- _Aim of the task_
Look at the data below and print exactly the lines from its first line through the line with "gray stone texture"; the pictures stay out of the copy.

(Records excerpted from a collection)
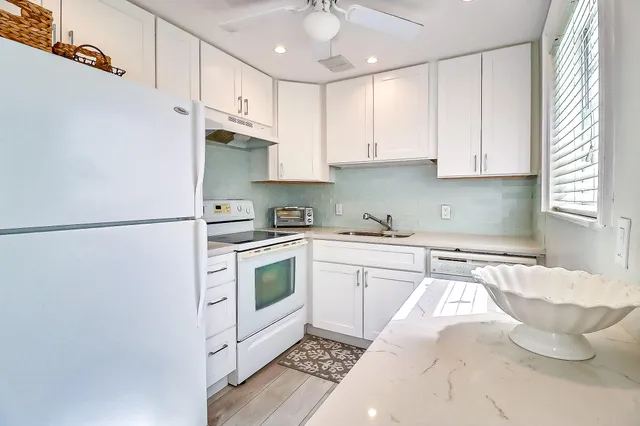 a kitchen with a white cabinets and white appliances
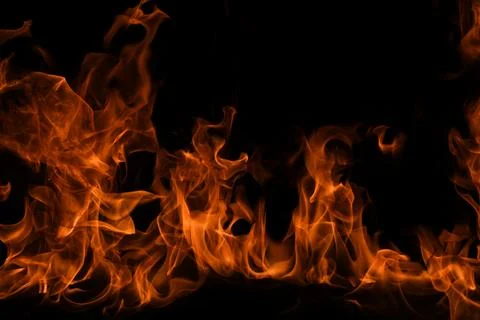 Texture of fire on a black background. Abstract fire flame background, large Stockfoto's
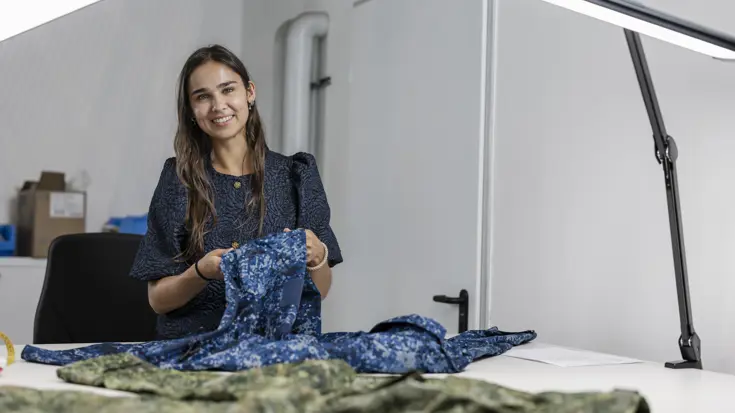 Een vrouw achter werktafel controleert militaire uniformen. In dit geval een blauw marine-uniform.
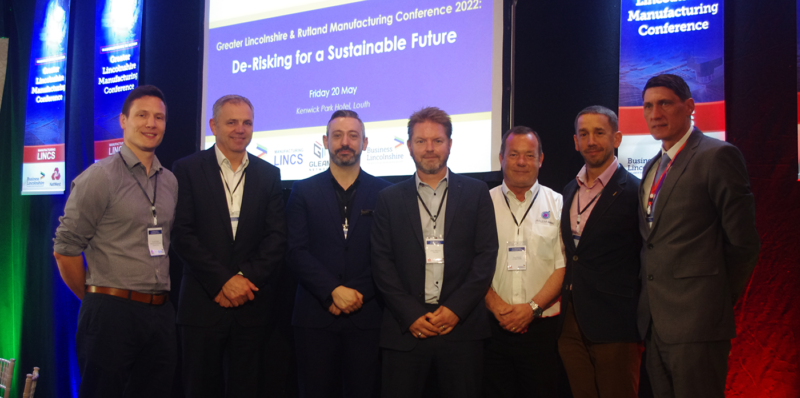 Group of seven white males posing at the Business Lincolnshire Manufacturing Conference 2022, with presentation on a screen behind them, branded banners, and red, green and blue lighting.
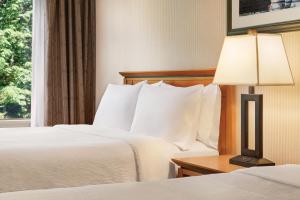 北温哥华Holiday Inn & Suites North Vancouver, an IHG Hotel的酒店客房,设有两张床和一盏灯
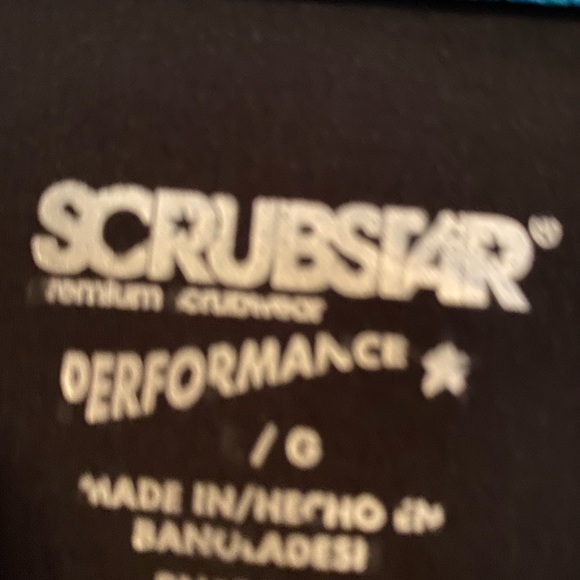 Black scrubs with teal accent. Small ankle split lots of pockets. - Picture 2 of 6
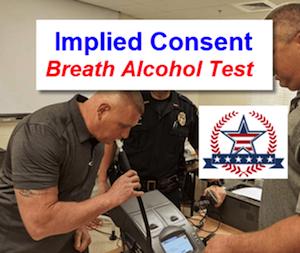 A police officer administering a post-arrest alcohol breath test with overlayed text: "Implied Consent Breath Alcohol Test"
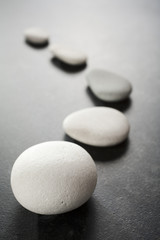 Curving Line of Grey Pebbles on Dark Background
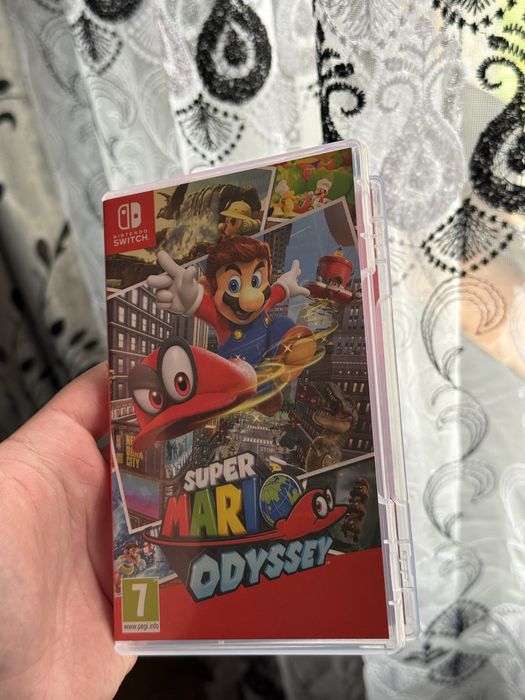 Nintendo Switch OLED + Mario Odyssey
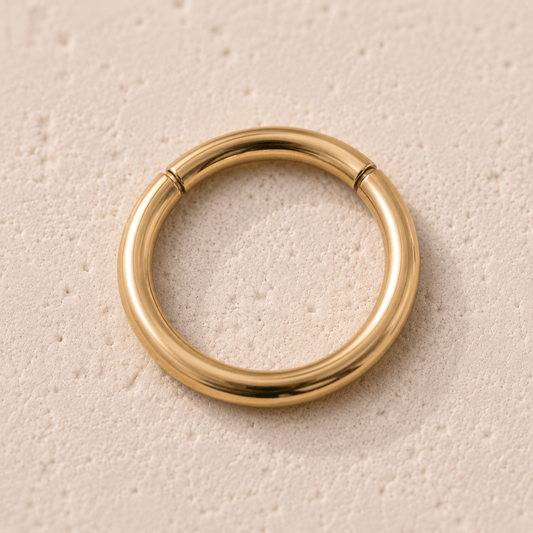 Close up of gold plated seamless clicker ring undetectable seam, yellow gold mirror polish surgical steel detail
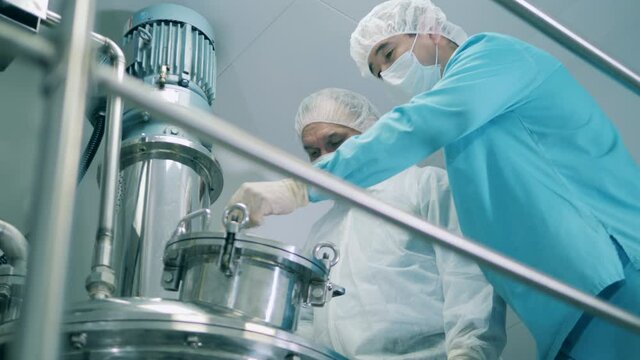 Men in medical coats work with machine in laboratory.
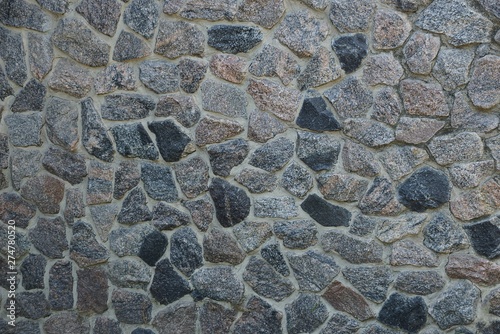 gray stone texture of large cobblestones in the wall of the fence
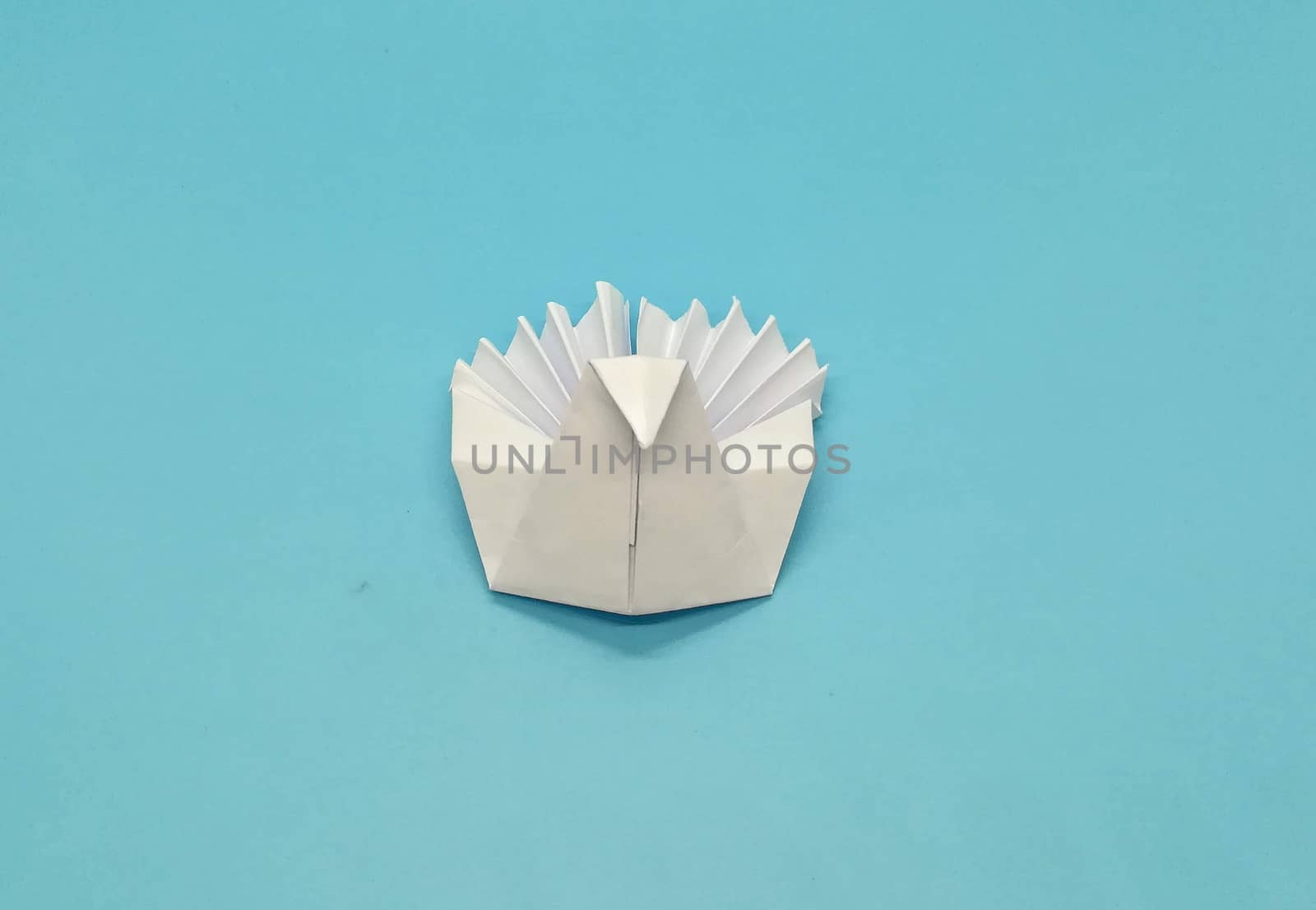 Origami figures made with white paper on blue background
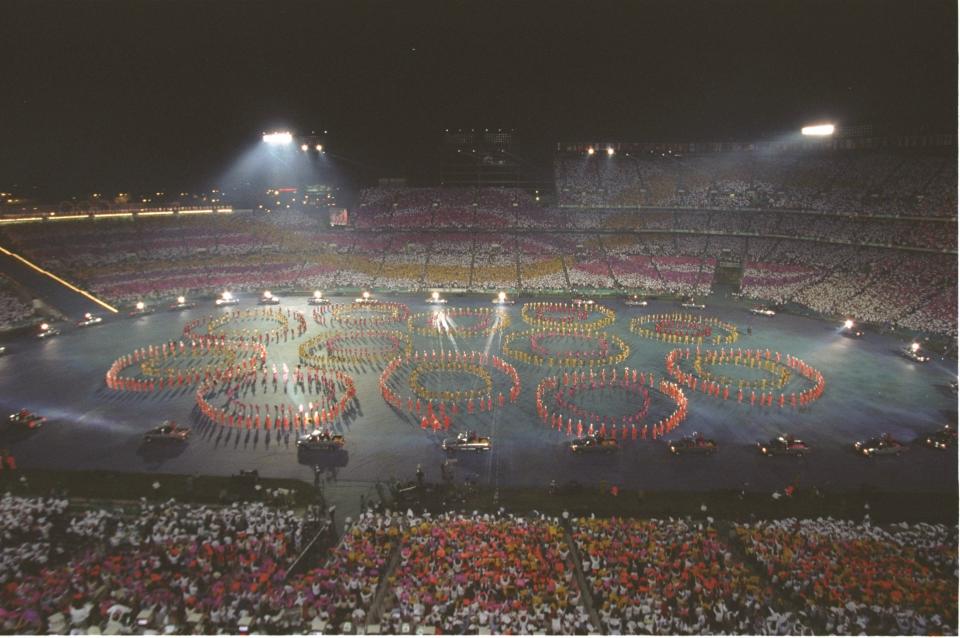 Brightly colored dancers perform during the Opening Ceremony of the 1996 Olympic Games in Atlanta, Georgia.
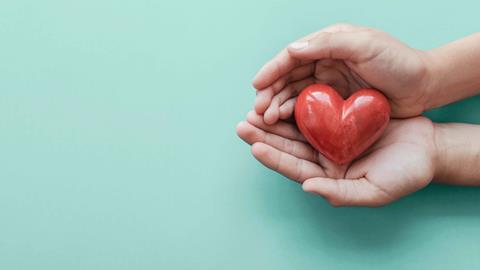 Two hands cupping a red wooden heart, shown from above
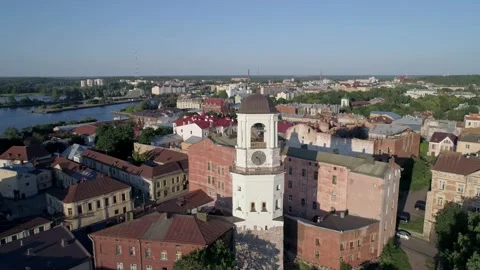 Aerial view of a medieval clock tower in heart of Vyborg old town. Panoramic Stock Footage 171285022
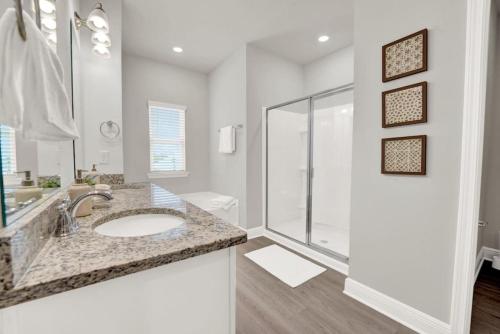 un baño con lavabo y ducha en The Cozy Clam, en Cape San Blas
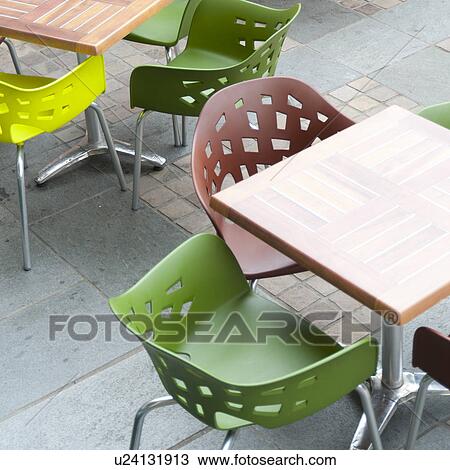 Stock Image - Empty chairs and tables at a sidewalk cafe, Bergen, Norway. Fotosearch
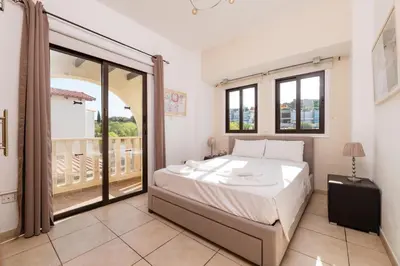 a bedroom with a bed and a balcony at Sunnyside Family Villa in Protaras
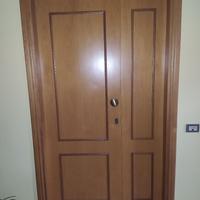 portone in legno a 2 ante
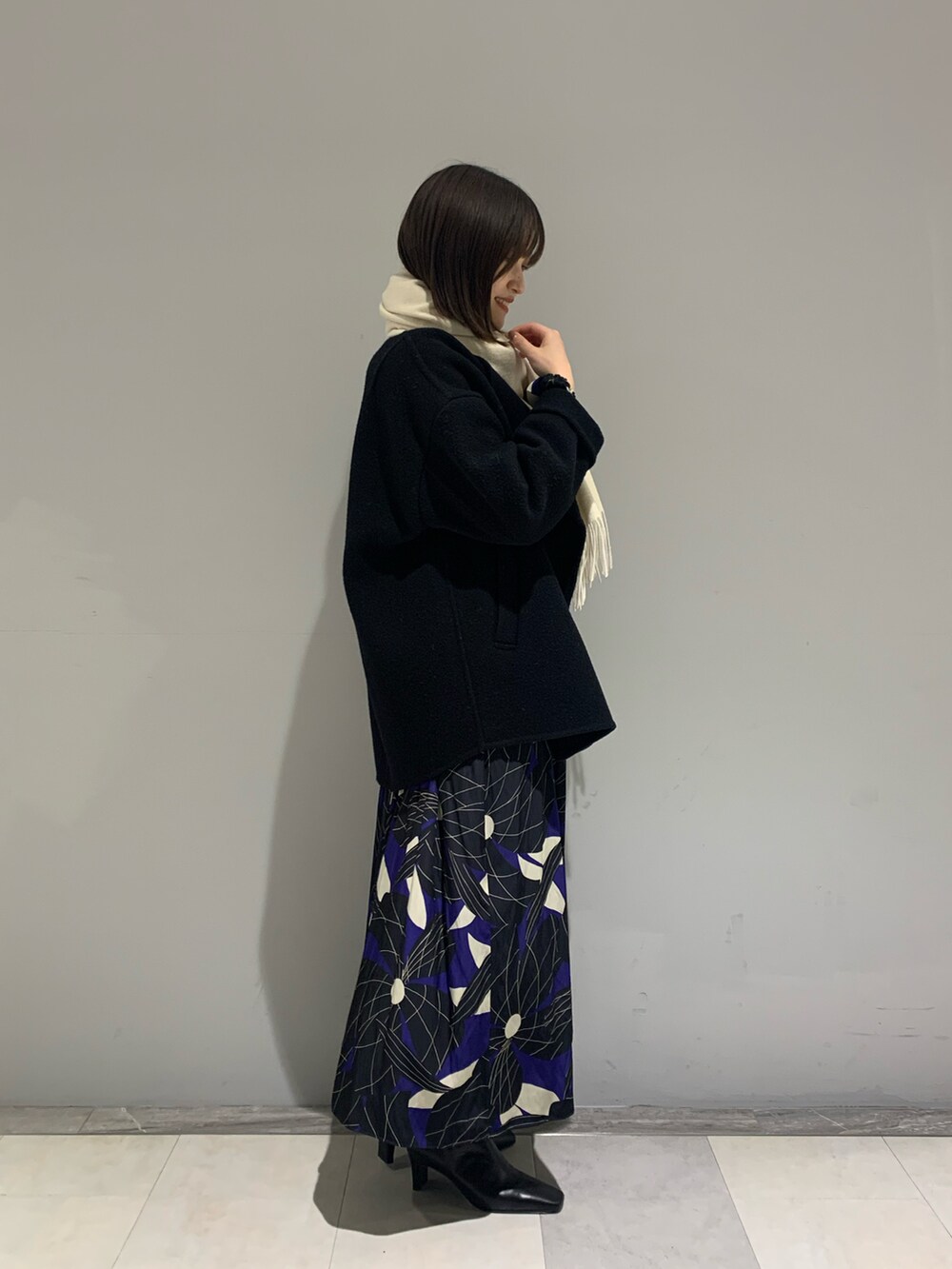 ブラック系のノーカラーコート、ブルー系のワンピース、ブラック系のブーツを着用したレディースの冬コーディネートの2枚目の写真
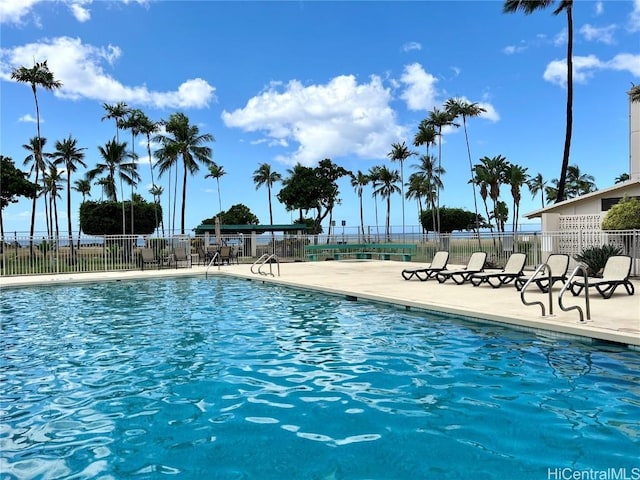 view of swimming pool featuring a patio area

- _Result of this task_
 a kitchen with a white cabinets and white appliances
 Texture of fire on a black background. Abstract fire flame background, large Stockfoto's
 Een vrouw achter werktafel controleert militaire uniformen. In dit geval een blauw marine-uniform.
 Group of seven white males posing at the Business Lincolnshire Manufacturing Conference 2022, with presentation on a screen behind them, branded banners, and red, green and blue lighting.
 北温哥华Holiday Inn & Suites North Vancouver, an IHG Hotel的酒店客房,设有两张床和一盏灯
 Black scrubs with teal accent. Small ankle split lots of pockets. - Picture 2 of 6
 A police officer administering a post-arrest alcohol breath test with overlayed text: "Implied Consent Breath Alcohol Test"
 Curving Line of Grey Pebbles on Dark Background
 Nintendo Switch OLED + Mario Odyssey
 Close up of gold plated seamless clicker ring undetectable seam, yellow gold mirror polish surgical steel detail
 Men in medical coats work with machine in laboratory.
 gray stone texture of large cobblestones in the wall of the fence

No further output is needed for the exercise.